Political Strategy for a Permanent Democratic Majority

Teixeira: The White Working Class Since the Great Recession

The following article by Ruy Teixeira, author of The Optimistic Leftist and other works of political analysis, is cross-posted from his facebook page:

This article by Robert Shapiro that just got released by Democracy journal is worth a look. Shapiro looks at employment data by race-ethnicity and education since the Great Recession and finds strong evidence of white working class decline. In Shapiro’s view, progressives’ failure to recognize the salience of these economic trends–and respond to them–is undermining their ability to reach these voters and provides a clear lane for right-wing populists like Trump.

From the introduction:

“For a fuller understanding of Trumpism, I dug into the official jobs numbers over the past decade. These data help reveal the real economic foundations for many Republican voters’ current hostility toward diversity, especially among the nearly-two thirds of white adults who do not have college degrees. They show two realities. First, that employers have a strong preference for hiring college-educated job candidates; and second, that increasing diversity in employment has produced distinct losers as well as winners over the current business cycle. The data document clearly that new employment at every educational level has tilted strongly toward Hispanics and Asians, and strongly away from whites. Consider the following: The number of employed white high school graduates plummeted by 4,854,694 from January 2008 to August 2018, a 16.9 percent decline despite nine years of economic expansion—while the number of employed non-white high school graduates increased 3,343,341, or 27.2 percent over the same period.

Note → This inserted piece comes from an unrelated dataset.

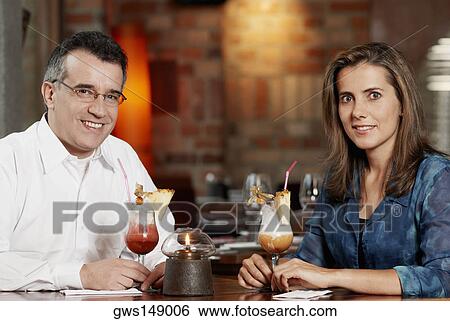 Portrait of a mid adult couple sitting in a restaurant with two glasses of pina colada View Large Photo Image Stock Photograph - Portrait of a mid adult couple sitting in a restaurant with two glasses of pina colada. Fotosearch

Social scientists have not examined these issues with sufficient care, political consultants even less so. They need to reconsider the employment data for the last decade. Progressives generally need to think hard about this, too. There is a conviction among many on the left that bigotry alone fuels anti-immigrant views, and those holding those views are irredeemable “deplorables.” But the power of that cultural explanation also relies on the conspicuous absence of an economic explanation. The numbers I studied provide such an explanation. If supporters of a diverse economy and country cannot recognize this dilemma, the job issues that millions of their fellow Americans face will only worsen, with the potential result that right-wing populists will win and progressives will lose more elections.”

You may not agree with everything in this article (I didn’t), but the data provided by Shapiro are definitely food for thought.